Also nochmal zu meinem Problem:

Ich kann mich per Browser auf der Seite einloggen, erhalte dann auch einen Cookie usw. (is klar denke ich). Und wie, verdammt noch mal *langsam verzweifel* bringe ich diesem Programm jetzt bei das es genau diesen Cookie verwenden soll wenn es die connection zu der Seite aufbaut!?!? Kann ich den Cookie irgendwie von Firefox (der ihn ja kennt) verwenden?


----------



## Campino (29. Jul 2005)

the_chaox hat gesagt.:
			
		

> Ich kann mich per Browser auf der Seite einloggen, erhalte dann auch einen Cookie usw. (is klar denke ich). Und wie, verdammt noch mal *langsam verzweifel* bringe ich diesem Programm jetzt bei das es genau diesen Cookie verwenden soll wenn es die connection zu der Seite aufbaut!?!? Kann ich den Cookie irgendwie von Firefox (der ihn ja kennt) verwenden?

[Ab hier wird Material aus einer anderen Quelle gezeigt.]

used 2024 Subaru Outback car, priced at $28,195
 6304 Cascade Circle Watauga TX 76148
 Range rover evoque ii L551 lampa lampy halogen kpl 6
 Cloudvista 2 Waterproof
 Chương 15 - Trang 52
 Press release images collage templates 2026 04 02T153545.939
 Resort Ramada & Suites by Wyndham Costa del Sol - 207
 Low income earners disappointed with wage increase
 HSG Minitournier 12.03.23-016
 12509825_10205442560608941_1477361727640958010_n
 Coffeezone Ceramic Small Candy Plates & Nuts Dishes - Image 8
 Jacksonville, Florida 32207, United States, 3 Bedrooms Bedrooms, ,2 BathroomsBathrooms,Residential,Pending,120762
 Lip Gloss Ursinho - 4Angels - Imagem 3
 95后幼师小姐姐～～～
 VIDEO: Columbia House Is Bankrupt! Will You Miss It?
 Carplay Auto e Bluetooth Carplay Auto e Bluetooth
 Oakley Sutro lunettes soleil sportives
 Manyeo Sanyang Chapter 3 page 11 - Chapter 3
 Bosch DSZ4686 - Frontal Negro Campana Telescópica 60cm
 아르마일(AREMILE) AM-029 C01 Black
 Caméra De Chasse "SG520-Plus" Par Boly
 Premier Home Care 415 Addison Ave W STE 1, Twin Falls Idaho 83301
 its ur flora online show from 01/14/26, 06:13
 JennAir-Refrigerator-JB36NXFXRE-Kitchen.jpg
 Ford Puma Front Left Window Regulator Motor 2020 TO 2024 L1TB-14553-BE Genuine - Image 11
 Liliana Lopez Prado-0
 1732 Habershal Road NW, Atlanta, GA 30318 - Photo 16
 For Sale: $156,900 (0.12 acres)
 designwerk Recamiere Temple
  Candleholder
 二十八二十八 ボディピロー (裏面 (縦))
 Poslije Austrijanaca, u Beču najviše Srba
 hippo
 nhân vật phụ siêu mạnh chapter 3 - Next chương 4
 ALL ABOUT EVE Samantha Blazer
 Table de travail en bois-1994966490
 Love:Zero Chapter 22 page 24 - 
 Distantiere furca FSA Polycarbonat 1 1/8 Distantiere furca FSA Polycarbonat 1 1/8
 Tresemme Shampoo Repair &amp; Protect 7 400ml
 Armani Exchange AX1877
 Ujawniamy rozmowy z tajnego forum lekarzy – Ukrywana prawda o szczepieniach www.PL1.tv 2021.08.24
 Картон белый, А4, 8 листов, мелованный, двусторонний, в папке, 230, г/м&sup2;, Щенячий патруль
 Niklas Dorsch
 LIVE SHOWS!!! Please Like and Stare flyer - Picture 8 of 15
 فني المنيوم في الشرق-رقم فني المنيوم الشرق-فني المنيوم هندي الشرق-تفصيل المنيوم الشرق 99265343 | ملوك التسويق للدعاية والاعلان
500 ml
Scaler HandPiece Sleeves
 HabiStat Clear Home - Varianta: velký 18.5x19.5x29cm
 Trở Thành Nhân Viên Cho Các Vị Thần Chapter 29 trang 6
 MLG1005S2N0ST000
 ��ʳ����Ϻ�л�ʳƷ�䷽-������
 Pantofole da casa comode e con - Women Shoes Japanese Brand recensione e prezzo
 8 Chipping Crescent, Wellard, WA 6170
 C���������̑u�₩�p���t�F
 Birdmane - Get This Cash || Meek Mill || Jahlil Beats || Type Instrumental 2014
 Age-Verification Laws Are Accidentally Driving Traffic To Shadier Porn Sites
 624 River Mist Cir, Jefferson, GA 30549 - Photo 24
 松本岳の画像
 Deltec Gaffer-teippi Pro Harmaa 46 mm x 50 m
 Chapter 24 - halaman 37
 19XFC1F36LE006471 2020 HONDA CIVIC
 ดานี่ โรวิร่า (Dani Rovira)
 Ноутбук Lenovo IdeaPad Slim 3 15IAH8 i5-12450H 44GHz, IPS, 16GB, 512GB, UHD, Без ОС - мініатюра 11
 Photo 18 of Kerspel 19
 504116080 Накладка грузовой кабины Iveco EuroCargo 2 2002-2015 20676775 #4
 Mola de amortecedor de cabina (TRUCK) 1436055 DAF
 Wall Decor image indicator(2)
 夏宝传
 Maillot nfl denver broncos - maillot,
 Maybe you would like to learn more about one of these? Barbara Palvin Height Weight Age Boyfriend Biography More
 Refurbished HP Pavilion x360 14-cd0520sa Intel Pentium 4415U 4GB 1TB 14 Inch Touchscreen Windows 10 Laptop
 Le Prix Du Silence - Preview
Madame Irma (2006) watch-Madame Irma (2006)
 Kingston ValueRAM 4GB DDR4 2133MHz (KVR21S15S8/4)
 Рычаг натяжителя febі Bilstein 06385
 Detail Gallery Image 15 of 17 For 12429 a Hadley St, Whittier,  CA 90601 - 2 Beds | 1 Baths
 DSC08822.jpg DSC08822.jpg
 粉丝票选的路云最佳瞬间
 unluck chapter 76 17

geht es wirklich um einen Keks (engl. Cookie) oder musst du POST-Daten an ein Script senden (was Firefox z.B. beim Ausfüllen eines Formulars machen würde)?


----------



## the_chaox (29. Jul 2005)

Nein, es geht eindeutig um einen "Keks"!

Das Problem ist ja, das die Seite denkt ich wäre nicht eingeloggt, also nicht berechtigt die Seite zu betreten! Unter Firefox bin ich berechtigt da ich ja eingeloggt bin und den entsprechenden Cookie also habe! Also muß ich diesen Cookie irgendwie beim Request von dem Programm an die Seite verwenden!  ???:L


----------



## Campino (29. Jul 2005)

the_chaox hat gesagt.:
			
		

> Nein, es geht eindeutig um einen "Keks"!
> 
> Das Problem ist ja, das die Seite denkt ich wäre nicht eingeloggt, also nicht berechtigt die Seite zu betreten! Unter Firefox bin ich berechtigt da ich ja eingeloggt bin und den entsprechenden Cookie also habe! Also muß ich diesen Cookie irgendwie beim Request von dem Programm an die Seite verwenden!  ???:L


bist du dir sicher das die Seite mit einem Keks und nicht mit einer session arbeitet?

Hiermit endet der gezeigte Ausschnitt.